We continue in our various R&D initiatives maintaining our spending on R&D at the targeted levels. We've noted in the past that we expect to see the fruits of these many R&D initiatives in 2003, and we are. An example being some new beverage wins using our patented cap lock encapsulation technology. We expect the R&D developments to accelerate in 2004 and the benefits resulting from those developments most likely in the second half of that year.
We also continue to take steps to better manage our balance sheet and to reduce our debt and with all the progress we've made and the steps we're taking, we firmly believe that IFF is well positioned to drive long term growth and shareholder value.

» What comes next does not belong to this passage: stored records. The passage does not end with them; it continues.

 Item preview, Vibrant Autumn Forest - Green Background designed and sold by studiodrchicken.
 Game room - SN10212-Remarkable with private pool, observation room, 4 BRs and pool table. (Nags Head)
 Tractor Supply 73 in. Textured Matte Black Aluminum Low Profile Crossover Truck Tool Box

Now, turning to the individual geographic regions. North America fragrance sales declined by 13% for the quarter, representing a weaker performance than had been anticipated. Functional fragrance and aroma chemical sales declined by about 3% and 11% in the quarter respectively. We had forecasted (ph) a decline in functional fragrance sales elements of which are attributable to the continued destocking of products which contain our fragrances, however the performance was less than had been expected.

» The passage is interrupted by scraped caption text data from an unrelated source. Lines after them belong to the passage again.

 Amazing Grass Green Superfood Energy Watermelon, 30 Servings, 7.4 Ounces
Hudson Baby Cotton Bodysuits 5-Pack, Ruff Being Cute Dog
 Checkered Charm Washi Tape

Our fine fragrance sales are substantially less in the quarter than had been expected. Fine fragrance declined 24% in the third quarter and this performance contrasts sharply with the performance in the second quarter and the six-month period ended June 30th where fine fragrance sales were flat. The weakness in fine fragrance sales span the entire range of our fragrance customers. Fine fragrance performance has been clearly aggravated by the macroeconomic factors including the persistent weak retail environment and the falloff in travel with the resultant impact on duty free sales.
North America flavor sales declined 1% for the quarter. This performance was also below expectations, and reflected a continuation of the slow down in customer order activity that we've seen throughout this year. Having said that, we continue to see a high level of new brief activity in North America and we've continued to win new business at a high level. What we are experiencing is a very cautious approach on the part of our customers in launching these new products. And even with new wins that had been launched many of our customers have chosen to downsize their product launches until they see evidence of a stronger economic recovery.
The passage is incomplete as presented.